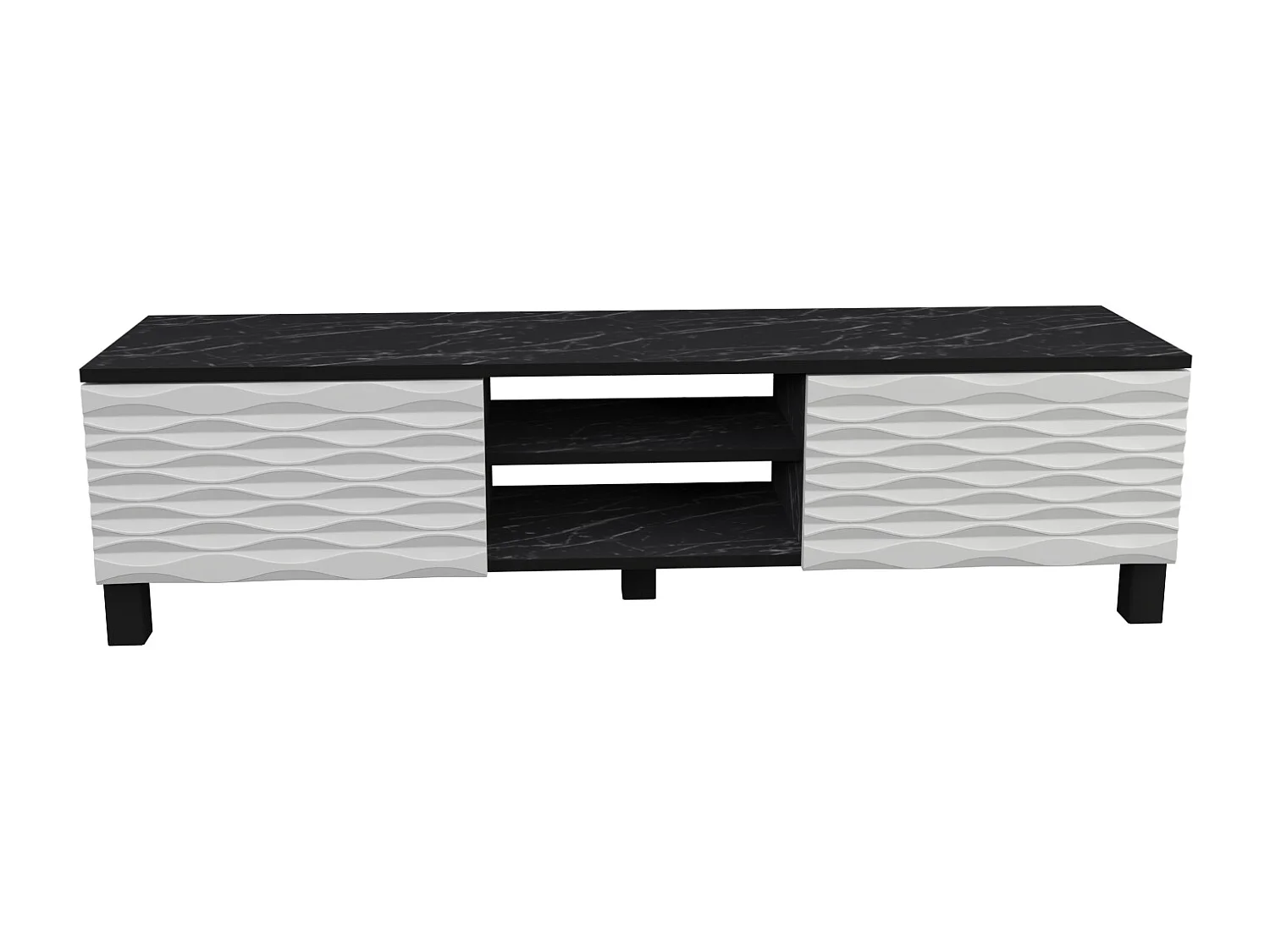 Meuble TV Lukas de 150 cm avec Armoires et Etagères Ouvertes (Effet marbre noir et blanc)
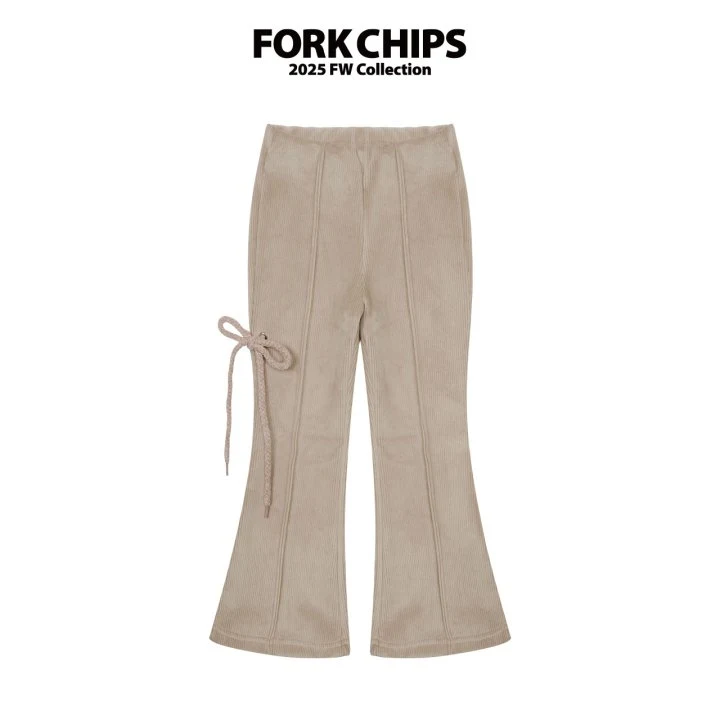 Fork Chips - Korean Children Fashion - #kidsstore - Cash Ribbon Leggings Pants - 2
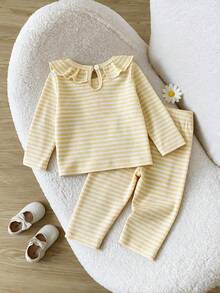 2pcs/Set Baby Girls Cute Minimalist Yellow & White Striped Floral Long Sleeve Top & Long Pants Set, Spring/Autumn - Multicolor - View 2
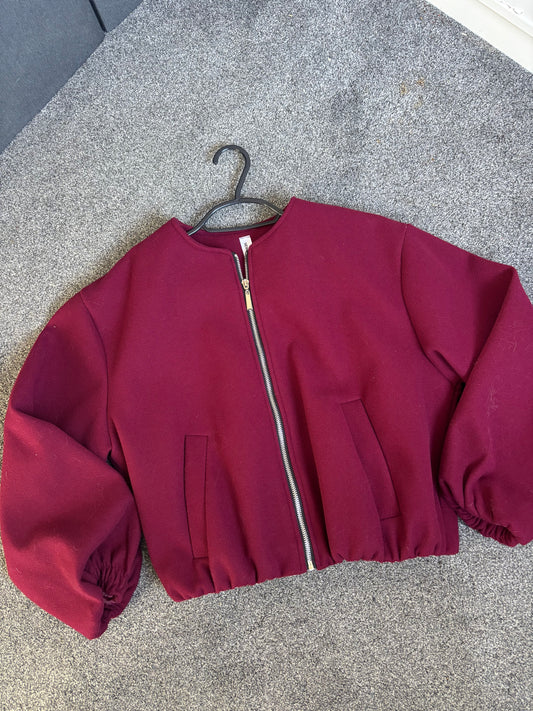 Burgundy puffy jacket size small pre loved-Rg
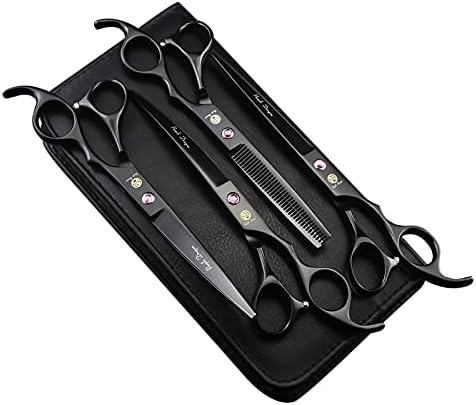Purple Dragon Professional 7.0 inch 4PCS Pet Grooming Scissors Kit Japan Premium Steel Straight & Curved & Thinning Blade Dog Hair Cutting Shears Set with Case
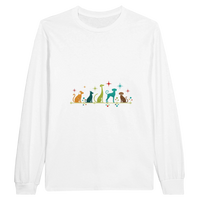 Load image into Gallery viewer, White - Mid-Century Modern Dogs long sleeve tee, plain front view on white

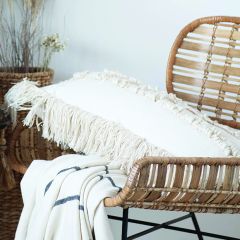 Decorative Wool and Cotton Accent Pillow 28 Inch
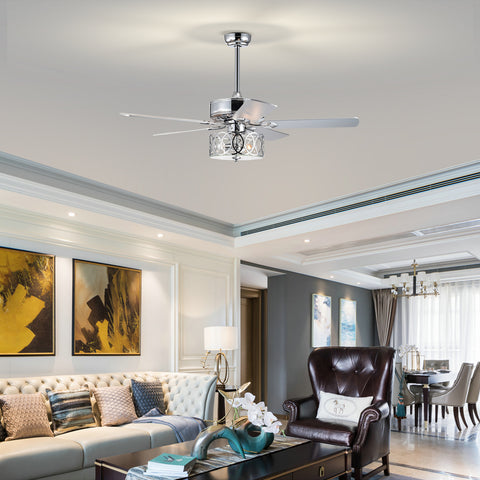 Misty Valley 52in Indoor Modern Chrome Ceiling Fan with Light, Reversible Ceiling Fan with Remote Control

### Task instructions
Without the pictures, restate each entry exactly.

### Exercise output
 Meuble TV Lukas de 150 cm avec Armoires et Etagères Ouvertes (Effet marbre noir et blanc)
 Fork Chips - Korean Children Fashion - #kidsstore - Cash Ribbon Leggings Pants - 2
 2pcs/Set Baby Girls Cute Minimalist Yellow & White Striped Floral Long Sleeve Top & Long Pants Set, Spring/Autumn - Multicolor - View 2
 Burgundy puffy jacket size small pre loved-Rg
Purple Dragon Professional 7.0 inch 4PCS Pet Grooming Scissors Kit Japan Premium Steel Straight & Curved & Thinning Blade Dog Hair Cutting Shears Set with Case
 Load image into Gallery viewer, White - Mid-Century Modern Dogs long sleeve tee, plain front view on white

 Decorative Wool and Cotton Accent Pillow 28 Inch
 Misty Valley 52in Indoor Modern Chrome Ceiling Fan with Light, Reversible Ceiling Fan with Remote Control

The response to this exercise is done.